- **Problem**
Print the listing in full, exactly as it stands.

- **Given material**

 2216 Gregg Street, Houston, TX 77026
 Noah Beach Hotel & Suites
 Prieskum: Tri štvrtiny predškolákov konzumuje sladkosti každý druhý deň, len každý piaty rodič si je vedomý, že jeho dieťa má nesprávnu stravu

- **Solution to this exercise**
 2216 Gregg Street, Houston, TX 77026
 Noah Beach Hotel & Suites
 Prieskum: Tri štvrtiny predškolákov konzumuje sladkosti každý druhý deň, len každý piaty rodič si je vedomý, že jeho dieťa má nesprávnu stravu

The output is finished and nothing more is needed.